The network tester example uses person_detect_vela.tflite, which is the same MobileNetV1 model used in the person detection model, but passed through the Vela compiler. When the NPU is available, the single ETHOSU operator is registered.

tensorflow/lite/micro/examples/network_tester/network_tester_test.cc

#ifdef ETHOS_U
  const tflite::Model* model = ::tflite::GetModel(g_person_detect_model_data);
#else
  const tflite::Model* model = ::tflite::GetModel(network_model);
#endif
  if (model->version() != TFLITE_SCHEMA_VERSION) {
    MicroPrintf(
        "Model provided is schema version %d not equal "
        "to supported version %d.\n",
        model->version(), TFLITE_SCHEMA_VERSION);
    return kTfLiteError;
  }
#ifdef ETHOS_U
  tflite::MicroMutableOpResolver<1> resolver;
  resolver.AddEthosU();

#else
  tflite::MicroMutableOpResolver<5> resolver;
  resolver.AddAveragePool2D(tflite::Register_AVERAGE_POOL_2D_INT8());
  resolver.AddConv2D(tflite::Register_CONV_2D_INT8());
  resolver.AddDepthwiseConv2D(tflite::Register_DEPTHWISE_CONV_2D_INT8());
  resolver.AddReshape();
  resolver.AddSoftmax(tflite::Register_SOFTMAX_INT8());

#endif

The remainder of the application looks the same for the most part, regardless of whether using the NPU or not. To see how this manifests in the model, we can once again use flatc to convert to JSON.

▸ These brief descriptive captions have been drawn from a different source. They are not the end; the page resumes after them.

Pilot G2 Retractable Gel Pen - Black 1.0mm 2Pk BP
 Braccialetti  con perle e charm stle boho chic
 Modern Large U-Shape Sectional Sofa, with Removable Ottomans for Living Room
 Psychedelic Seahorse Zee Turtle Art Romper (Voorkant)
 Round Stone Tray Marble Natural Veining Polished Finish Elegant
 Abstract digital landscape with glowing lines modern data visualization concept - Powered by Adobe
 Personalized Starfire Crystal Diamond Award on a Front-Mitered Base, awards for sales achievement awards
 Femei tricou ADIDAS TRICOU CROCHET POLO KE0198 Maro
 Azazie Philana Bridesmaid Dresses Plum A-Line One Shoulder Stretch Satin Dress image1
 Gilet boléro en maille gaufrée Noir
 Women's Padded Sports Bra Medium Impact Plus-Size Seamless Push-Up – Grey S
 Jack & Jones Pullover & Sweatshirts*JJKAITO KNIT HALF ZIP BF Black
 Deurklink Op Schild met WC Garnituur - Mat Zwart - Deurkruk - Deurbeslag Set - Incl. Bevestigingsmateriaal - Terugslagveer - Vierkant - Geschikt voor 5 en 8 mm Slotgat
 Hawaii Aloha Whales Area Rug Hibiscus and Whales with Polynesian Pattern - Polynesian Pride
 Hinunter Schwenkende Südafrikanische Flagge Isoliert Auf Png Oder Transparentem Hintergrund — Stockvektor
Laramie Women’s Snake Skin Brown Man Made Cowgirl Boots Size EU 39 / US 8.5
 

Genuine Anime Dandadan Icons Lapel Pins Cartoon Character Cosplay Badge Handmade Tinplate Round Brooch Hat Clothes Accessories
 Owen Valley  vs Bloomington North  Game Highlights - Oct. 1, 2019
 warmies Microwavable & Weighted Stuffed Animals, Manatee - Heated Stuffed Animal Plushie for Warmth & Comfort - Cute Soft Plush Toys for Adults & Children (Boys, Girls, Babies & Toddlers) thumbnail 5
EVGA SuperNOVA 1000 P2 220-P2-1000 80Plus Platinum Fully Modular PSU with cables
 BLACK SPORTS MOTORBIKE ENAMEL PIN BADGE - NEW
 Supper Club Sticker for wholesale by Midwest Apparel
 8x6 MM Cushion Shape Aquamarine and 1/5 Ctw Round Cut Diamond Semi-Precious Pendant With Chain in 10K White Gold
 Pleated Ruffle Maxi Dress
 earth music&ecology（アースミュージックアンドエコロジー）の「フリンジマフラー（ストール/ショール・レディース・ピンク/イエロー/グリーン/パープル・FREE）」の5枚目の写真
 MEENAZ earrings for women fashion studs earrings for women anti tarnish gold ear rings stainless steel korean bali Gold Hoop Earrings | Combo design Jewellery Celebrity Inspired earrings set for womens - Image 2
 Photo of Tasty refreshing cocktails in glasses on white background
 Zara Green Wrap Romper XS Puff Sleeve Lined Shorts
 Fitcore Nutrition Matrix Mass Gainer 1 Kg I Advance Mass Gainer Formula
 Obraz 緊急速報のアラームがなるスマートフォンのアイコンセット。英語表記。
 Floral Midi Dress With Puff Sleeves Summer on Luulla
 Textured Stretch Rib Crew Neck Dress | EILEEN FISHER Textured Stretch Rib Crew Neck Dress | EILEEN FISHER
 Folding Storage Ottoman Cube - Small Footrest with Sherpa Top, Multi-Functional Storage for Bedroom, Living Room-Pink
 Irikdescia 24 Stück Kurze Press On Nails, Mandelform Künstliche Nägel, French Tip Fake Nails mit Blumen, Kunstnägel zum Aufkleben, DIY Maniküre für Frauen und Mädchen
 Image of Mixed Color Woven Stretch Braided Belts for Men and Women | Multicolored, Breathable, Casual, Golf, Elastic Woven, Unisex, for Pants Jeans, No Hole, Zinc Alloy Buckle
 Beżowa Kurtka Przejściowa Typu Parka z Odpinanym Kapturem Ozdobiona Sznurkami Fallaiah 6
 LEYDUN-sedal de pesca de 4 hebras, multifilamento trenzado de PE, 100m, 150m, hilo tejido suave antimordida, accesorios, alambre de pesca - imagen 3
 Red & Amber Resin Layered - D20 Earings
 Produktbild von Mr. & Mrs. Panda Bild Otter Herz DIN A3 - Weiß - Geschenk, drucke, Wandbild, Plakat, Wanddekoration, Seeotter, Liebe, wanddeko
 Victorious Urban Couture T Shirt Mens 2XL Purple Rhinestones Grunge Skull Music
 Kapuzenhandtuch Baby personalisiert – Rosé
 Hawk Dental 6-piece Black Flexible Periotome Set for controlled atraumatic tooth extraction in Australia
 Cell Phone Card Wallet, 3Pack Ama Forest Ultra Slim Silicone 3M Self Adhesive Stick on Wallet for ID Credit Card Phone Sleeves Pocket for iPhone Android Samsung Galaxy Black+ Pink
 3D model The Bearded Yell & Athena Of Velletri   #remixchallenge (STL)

flatc --json --raw-binary schema.fbs -- person_detect_vela.tflite

The first thing to notice is that there is, expectedly, a single operator listed in the operator_codes array.

{
  version: 3,
  operator_codes: [
    {
      deprecated_builtin_code: 32,
      custom_code: "ethos-u",
      builtin_code: "CUSTOM"
    }
  ],
...
}

Perhaps slightly more surprising is that there is also just a single node in the model.

      operators: [
        {
          inputs: [
            1,
            2,
            3,
            4,
            5
          ],
          outputs: [
            0
          ],
          custom_options: [
            1,
            4,
            1
          ],
          mutating_variable_inputs: [

          ],
          intermediates: [

          ]
        }
      ]

How could the same model be reduced to such a simplified form? When we consider that the ETHOSU kernel effectively just points the NPU at the location of commands and data in memory, it makes sense that the work done by the tflite-micro runtime directly would be quite minimal. However, all of the data that is passed to the NPU needs to also be available. The top-level buffers array in the Model table contains the all of the relevant data, and the tensors that are passed as inputs to the ETHOSU operator reference the appropriate buffer by index.

      tensors: [
        {
          shape: [
            1,
            2
          ],
          type: "INT8",
          name: "MobilenetV1/Predictions/Reshape_1",
          quantization: {
            scale: [
              0.003906
            ],
            zero_point: [
              -128
            ]
          }
        },
        {
          shape: [
            8168
          ],
          type: "UINT8",
          buffer: 1,
          name: "_split_1_command_stream"
        },
        {
          shape: [
            260480
          ],
          type: "UINT8",
          buffer: 2,
          name: "_split_1_flash"
        },
        {
          shape: [
            74464
          ],
          type: "UINT8",
          name: "_split_1_scratch"
        },
        {
          shape: [
            74464
          ],
          type: "UINT8",
          name: "_split_1_scratch_fast"
        },
        {
          shape: [
            1,
            96,
            96,
            1
          ],
          type: "INT8",
          name: "input",
          quantization: {
            min: [
              -1.0
            ],
            max: [
              1.0
            ],
            scale: [
              0.007843
            ],
            zero_point: [
              -1
            ]
          }
        }
      ]

This example demonstrates the flexibility of the .tflite model format, as well as the general portability offered by formats that include the compute graph in the model file. We’ll continue exploring trade-offs offered by formats and runtimes, and dive deeper into how operator registration and kernel execution works, in future posts.